Voorzorg in de regelgeving
Gemeenten en provincies kunnen rekening houden met voorzorg bij:
- de zorgvuldige voorbereiding van het besluit
- de deugdelijke motivering van het besluit en
- de evenredige belangenafweging die nodig is bij het besluit.
Nationale regelgeving
De Algemene wet bestuursrecht (Awb) bepaalt in artikel 3:2 dat het bestuursorgaan bij de voorbereiding van een besluit de ‘nodige kennis verzamelt van de relevante feiten en de af te wegen belangen’. Deze bepaling is onderdeel van het zorgvuldigheidsbeginsel. Dit is een ‘algemeen beginsel van behoorlijk bestuur’. Het betekent dat het bestuursorgaan een besluit zorgvuldig moet voorbereiden en nemen.
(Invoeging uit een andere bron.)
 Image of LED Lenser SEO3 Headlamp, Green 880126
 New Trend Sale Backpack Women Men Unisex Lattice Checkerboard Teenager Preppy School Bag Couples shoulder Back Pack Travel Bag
Artikel 3:46 Awb geeft aan dat een besluit een deugdelijke motivering moet hebben. Heeft het bevoegd gezag een regionale of lokale beleidsvisie, waarop het een besluit en de motivering kan baseren? Dan zorgt dat voor een sterkere onderbouwing van het gebruik van voorzorg.
Europese regelgeving
In Europees verband staat de verplichting om het voorzorgsbeginsel toe te passen in artikel 191, tweede lid, van het Verdrag betreffende de werking van de Europese Unie. Dit artikel richt zich op de wetgeving van de Europese Unie. In de Richtlijn industriële emissies komt voorzorgbeginsel onder meer terug in enkele algemene beginselen (artikel 11).
In een mededeling uit 2000 staan de opvattingen van de Europese Commissie over de toepassing van het voorzorgbeginsel door besluitvormers binnen de EU. Bestuurders in Nederland kunnen deze mededeling gebruiken bij hun motivering van voorzorg. De mededeling geeft hiervoor handvatten.